Long before humans utilized antibiotics as medicines, microorganisms had already developed the production of these molecules. As a result, the ability of many bacteria in the environment to resist antibiotics is an ancient trait.
Since the introduction of antibiotics in clinics, disease-causing bacteria have also started to accumulate more and more resistance genes in their DNA. This still ongoing process requires that genes, that were previously well anchored in the chromosome of certain bacterial species, first gain the ability to move around and eventually jump between species.
In a study published in the journal Communications Biology, researchers at the Centre for Antibiotic Resistance Research (CARe) in Gothenburg, Sweden present evidence for where the genes could gain their ability to move.
Important to prevent the emergence
It is known that wastewaters contain residues of antibiotics that could favor the development of antibiotic-resistant bacteria. New evidence shows that wastewaters also have characteristics allowing the resistance genes to start their journey from harmless bacteria to disease-causing bacteria.

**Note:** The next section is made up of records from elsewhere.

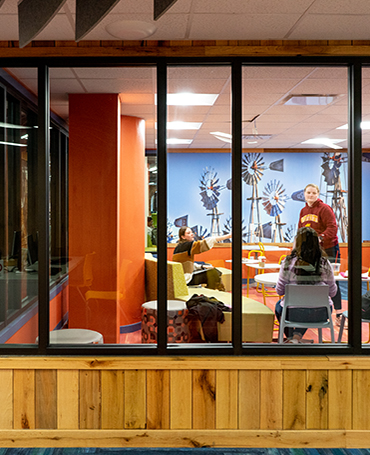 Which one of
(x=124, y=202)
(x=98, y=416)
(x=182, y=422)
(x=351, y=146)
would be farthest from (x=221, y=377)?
(x=351, y=146)

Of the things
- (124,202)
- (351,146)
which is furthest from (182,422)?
(351,146)

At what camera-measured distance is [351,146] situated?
2926mm

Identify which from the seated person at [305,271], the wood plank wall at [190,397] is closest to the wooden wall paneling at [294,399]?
the wood plank wall at [190,397]

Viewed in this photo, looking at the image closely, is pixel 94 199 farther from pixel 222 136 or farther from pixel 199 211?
pixel 222 136

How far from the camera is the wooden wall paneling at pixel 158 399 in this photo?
9.27 feet

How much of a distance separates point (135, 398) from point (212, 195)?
1521mm

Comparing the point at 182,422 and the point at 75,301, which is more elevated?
the point at 75,301

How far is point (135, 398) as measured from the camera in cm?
282

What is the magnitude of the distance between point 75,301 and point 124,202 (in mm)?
827

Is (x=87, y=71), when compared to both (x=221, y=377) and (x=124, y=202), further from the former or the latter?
(x=221, y=377)

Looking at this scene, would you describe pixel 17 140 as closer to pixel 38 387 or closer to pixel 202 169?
pixel 202 169

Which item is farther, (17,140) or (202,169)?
(17,140)

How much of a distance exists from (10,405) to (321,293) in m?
2.34

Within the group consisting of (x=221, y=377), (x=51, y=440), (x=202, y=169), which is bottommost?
(x=51, y=440) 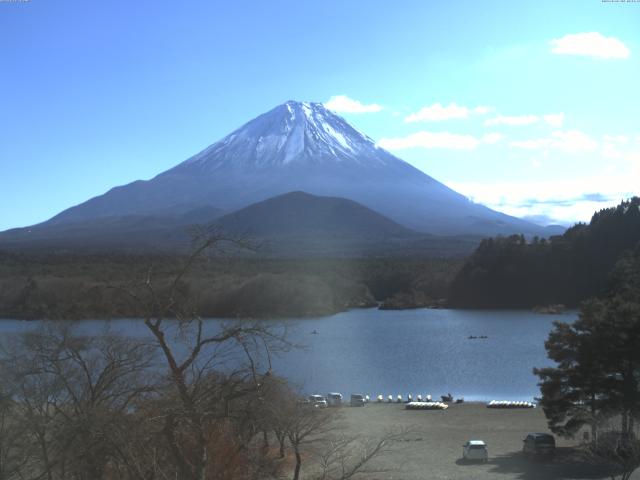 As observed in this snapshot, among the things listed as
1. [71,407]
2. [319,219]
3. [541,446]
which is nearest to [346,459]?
[541,446]

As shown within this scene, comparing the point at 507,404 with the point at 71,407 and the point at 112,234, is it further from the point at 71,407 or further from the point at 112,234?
the point at 112,234

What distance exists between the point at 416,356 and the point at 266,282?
51.6ft

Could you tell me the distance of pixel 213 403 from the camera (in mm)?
4352

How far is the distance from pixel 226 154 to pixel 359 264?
178ft

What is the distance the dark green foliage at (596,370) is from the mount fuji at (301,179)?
83.5m

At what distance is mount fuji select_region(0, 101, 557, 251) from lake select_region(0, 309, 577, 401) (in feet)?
196

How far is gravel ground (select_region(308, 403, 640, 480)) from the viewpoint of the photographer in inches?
410

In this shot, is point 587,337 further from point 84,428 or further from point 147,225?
point 147,225

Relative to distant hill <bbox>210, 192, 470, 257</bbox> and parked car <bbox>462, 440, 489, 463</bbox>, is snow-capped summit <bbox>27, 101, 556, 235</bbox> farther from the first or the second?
parked car <bbox>462, 440, 489, 463</bbox>

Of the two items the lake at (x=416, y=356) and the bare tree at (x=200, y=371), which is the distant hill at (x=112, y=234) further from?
the bare tree at (x=200, y=371)

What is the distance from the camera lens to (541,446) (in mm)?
11492

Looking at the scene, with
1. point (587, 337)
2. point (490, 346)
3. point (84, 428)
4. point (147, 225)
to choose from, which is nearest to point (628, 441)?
point (587, 337)

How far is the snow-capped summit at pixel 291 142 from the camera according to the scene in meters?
108

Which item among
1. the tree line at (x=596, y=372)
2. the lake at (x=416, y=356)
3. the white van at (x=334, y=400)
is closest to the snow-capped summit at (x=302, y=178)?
the lake at (x=416, y=356) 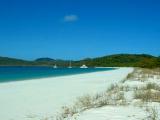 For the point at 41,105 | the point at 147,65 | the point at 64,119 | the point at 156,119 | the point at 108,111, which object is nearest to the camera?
the point at 156,119

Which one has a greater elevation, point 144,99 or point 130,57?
point 130,57

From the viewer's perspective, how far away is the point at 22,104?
12.1m

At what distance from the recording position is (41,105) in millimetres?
11852

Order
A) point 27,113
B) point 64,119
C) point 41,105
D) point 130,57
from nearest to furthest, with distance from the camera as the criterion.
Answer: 1. point 64,119
2. point 27,113
3. point 41,105
4. point 130,57

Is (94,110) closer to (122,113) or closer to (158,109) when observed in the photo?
(122,113)

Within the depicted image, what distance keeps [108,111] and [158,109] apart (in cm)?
141

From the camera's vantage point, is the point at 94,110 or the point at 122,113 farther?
the point at 94,110

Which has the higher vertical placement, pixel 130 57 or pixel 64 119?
pixel 130 57

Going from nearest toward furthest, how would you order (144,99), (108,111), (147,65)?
(108,111), (144,99), (147,65)

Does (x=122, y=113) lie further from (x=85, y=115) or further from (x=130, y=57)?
(x=130, y=57)

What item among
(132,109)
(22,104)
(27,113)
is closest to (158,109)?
(132,109)

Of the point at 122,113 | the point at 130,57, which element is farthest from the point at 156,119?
the point at 130,57

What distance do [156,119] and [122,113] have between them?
4.08 feet

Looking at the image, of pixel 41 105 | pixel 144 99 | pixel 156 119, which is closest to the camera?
pixel 156 119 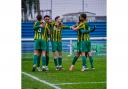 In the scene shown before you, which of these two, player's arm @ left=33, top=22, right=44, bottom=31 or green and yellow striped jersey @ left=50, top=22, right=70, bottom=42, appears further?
green and yellow striped jersey @ left=50, top=22, right=70, bottom=42

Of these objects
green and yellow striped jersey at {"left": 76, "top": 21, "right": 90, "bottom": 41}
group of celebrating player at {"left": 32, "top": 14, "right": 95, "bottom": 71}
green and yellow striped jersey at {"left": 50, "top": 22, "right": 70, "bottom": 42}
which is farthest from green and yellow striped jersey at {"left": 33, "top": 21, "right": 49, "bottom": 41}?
green and yellow striped jersey at {"left": 76, "top": 21, "right": 90, "bottom": 41}

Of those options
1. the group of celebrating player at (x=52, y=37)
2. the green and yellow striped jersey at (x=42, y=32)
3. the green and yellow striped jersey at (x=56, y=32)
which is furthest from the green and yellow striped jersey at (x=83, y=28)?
the green and yellow striped jersey at (x=42, y=32)

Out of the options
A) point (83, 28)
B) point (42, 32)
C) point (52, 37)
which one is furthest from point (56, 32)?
point (83, 28)

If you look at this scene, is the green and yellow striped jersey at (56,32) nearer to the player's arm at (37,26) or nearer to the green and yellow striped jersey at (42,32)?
the green and yellow striped jersey at (42,32)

The researchers acknowledged that it is not sufficient with antibiotics to drive the process. The species carrying the resistance genes in their chromosome also needs to be present, as well as specific sequences of DNA that could provide the ability to move the resistance genes.
By studying DNA from thousands of samples from different environments, the researchers could identify where all the key components came together. To the authors’ surprise, it was not in the gut of humans or animals, it was in wastewater sampled across the world.
“In order to fight antibiotic resistance we cannot focus only on preventing the spread of those types of resistant bacteria that are already in circulation, we also need to prevent or delay the emergence of new ones,” says Fanny Berglund, a researcher at the Sahlgrenska academy at University of Gothenburg, and the lead author of the study.
More focus on wastewater
The same research team has published several other studies showing that the environment harbors a huge variety of different resistance genes, many more than the resistance genes that we see today in bacteria causing disease.
This makes the environment a vast source for new resistance genes that one after the other acquire the ability to jump between species, to eventually end up in pathogens. The authors conclude that favoring this development by polluting the environment with antibiotics is not a good idea.
“There is a lot of focus on reducing antibiotic use in humans and animals. This is of course important, but our study shows that we also need to pay attention to our waste streams, as this seems to be a place where new variants of antibiotic resistance could emerge,” concludes Fanny Berglund.
Reference: “Evidence for wastewaters as environments where mobile antibiotic resistance genes emerge” by Fanny Berglund, Stefan Ebmeyer, Erik Kristiansson and D. G. Joakim Larsson, 25 March 2023, Communications Biology.